The instructor lectures widely on the structure, properties, evaluation methods, applications, etc. for solid surfaces. The course focuses on inorganic materials, but surface properties of various solids such as metals, organic matter, ionic crystals, covalent crystals, semiconductors, amorphous materials, etc. are also touched on. By explaining through comparison, students acquire knowledge related to selecting processes and materials, as well as basic thought for creating the desired solid surface properties. Students are also introduced as best as possible to the newest topics related to technology for surface treatment and surface evaluation. This course thus does not consist of simply bestowing knowledge, but of graduate level surface chemistry.
The surface of solids is the direct interface between that material and other substances, light, electrons, heat, forces, magnetism, etc. By effectively controlling this "field", it is possible to extract the properties of bulk solids, and bestow the surface with properties that differ from bulk solids. The course focuses on content conducive to designing such surface function materials, in particular their structure and composition. Students will gain an understanding of basic approaches for controlling surface properties.
By the end of this course, students will be able to :
1) Understand fundamentals of surface science on inorganic solids.

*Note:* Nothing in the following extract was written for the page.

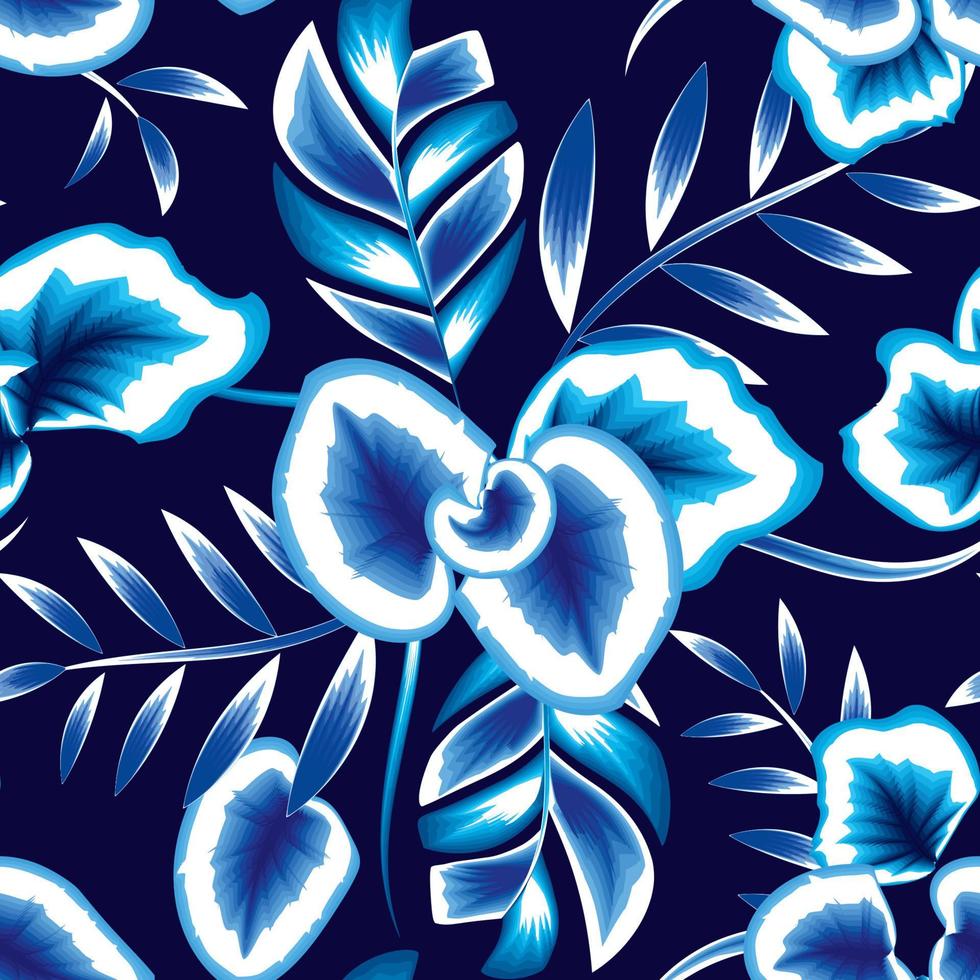 padrão sem emenda de folhagem tropical azul claro com plantas e folhas em fundo escuro. fundo floral. fundo botânico. papel de parede da selva. natureza decorativa. ilustração de noite. outono. verão vetor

2) Acquire the knowledge on the technologies on surface control and its evaluation.
3) Apply the fundamental knowledge on surface chemistry to the design of various surface functional materials.

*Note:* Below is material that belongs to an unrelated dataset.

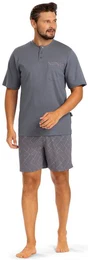 Schlafanzug (Set, 2 tlg., 2-teilig) Herren Pyjama Kurzarm Baumwolle Shorty Alloverdruck
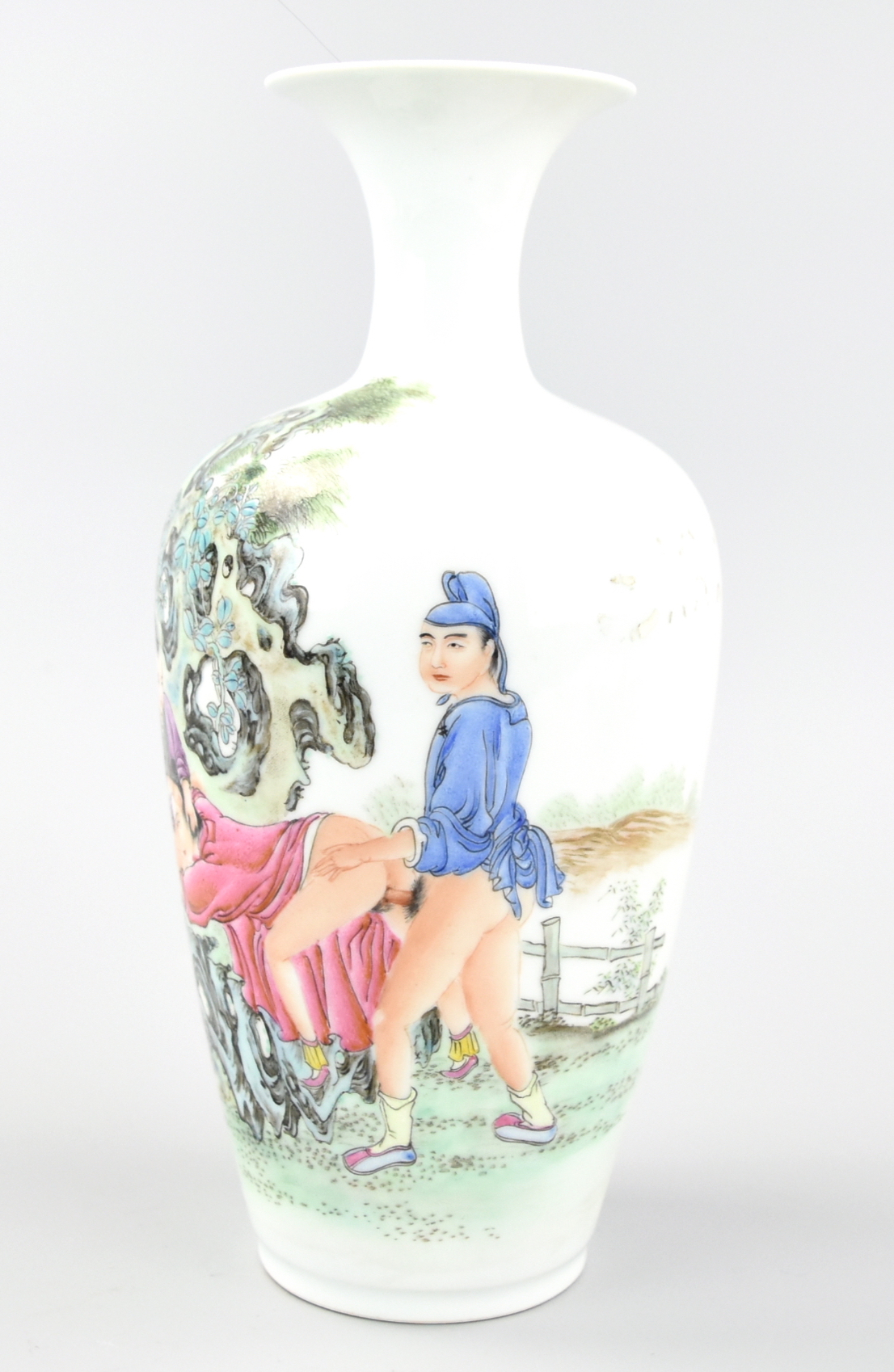 CHINESE FAMILLE ROSE VASE W/ EROTIC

surface, wetting, adsorption, electron transfer, self-assembly
|✔ Specialist skills||Intercultural skills||Communication skills||Critical thinking skills||✔ Practical and/or problem-solving skills|
14 lectures are held. Practice problems are given out for self-study.
|Course schedule||Required learning|
|Class 1||Introduction: definition of surface, ideal surface and real surface, high vacuum requirement||Definition of surface, and the outline of the class are presented.|
|Class 2||Surface structure I: surface relaxation, surface reconstruction, surface topography, solubility parameter||Various characteristic surface structure are explained.|
|Class 3||Surface structure II: surface structural characteristics of oxides, metals, and polymers.||Surface characteristics are presented on various solids.|
|Class 4||Electric state of solid surface: DOS, work function, molecular orbitals for interaction||Difference on electronic state between bulk solids and surface state are presented, mainly on metals.|
|Class 5||Thermodynamics of solid surface: Gibbs-Duhem equation for solid surface, surface energy, Young's equation, MGR model||Chemical thermodynamics on solid surface is presented.|
|Class 6||Kinetics of surface reaction I: adsorption-desorption equilibrium, adsorption heat, molecular association||Chemical kinetics on solid surface is presented.|
|Class 7||Kinetics of surface reaction II: dissociative adsorption, competitive adsorption,||Chemical kinetics on solid surface is presented.|
|Class 8||Surface structure design: self-assembly||Introduction of Self-organization for surface formation.|
|Class 9||Dispersion technology of fine particles in aqueous media: van der Waals force, hydration||Introduction of the particle dispersion in aqueous solution.|
|Class 10||Dispersion technology of fine particles in non-aqueous media: volume repulsion||Introduction of the particle dispersion in non-aqueous solution.|
|Class 11||Computational analysis on solid surface||Introduction of the computer simulation for surface research.|
|Class 12||Surface analysis II: microscopes||Introduction of the surface analysis, especially microscopic measurement.|
|Class 13||Surface analysis I: spectroscopy||Introduction of the surface analysis, especially X-ray analysis.|
|Class 14||Surface treatment and design||Introduction of the industrial analysis for surface treatment.|
To enhance effective learning, students are encouraged to spend approximately 100 minutes preparing for class and another 100 minutes reviewing class content afterwards (including assignments) for each class.
They should do so by referring to textbooks and other course material.
No text book. Original materials and problem sets will be presented and handed by the instructor.
Nihon Hyoumenn kagaku-kai "Hyoumennkagaku no Kiso to Ouyou" NTS press.
Iwasawa, Nakamura, Fukui, Yoshinobu "Basic Hyoumennkagaku"Kagaku Dojin press
Shouma, Yagi, Tsukada, Aono "Hyoumen Kagaku no Kiso" Maruzen press
Final exam. 100%. Problem sets given in the class will be useful for study.
Fundamental understanding of thermodynamics, kinetics and quantum mechanics (undergraduate level)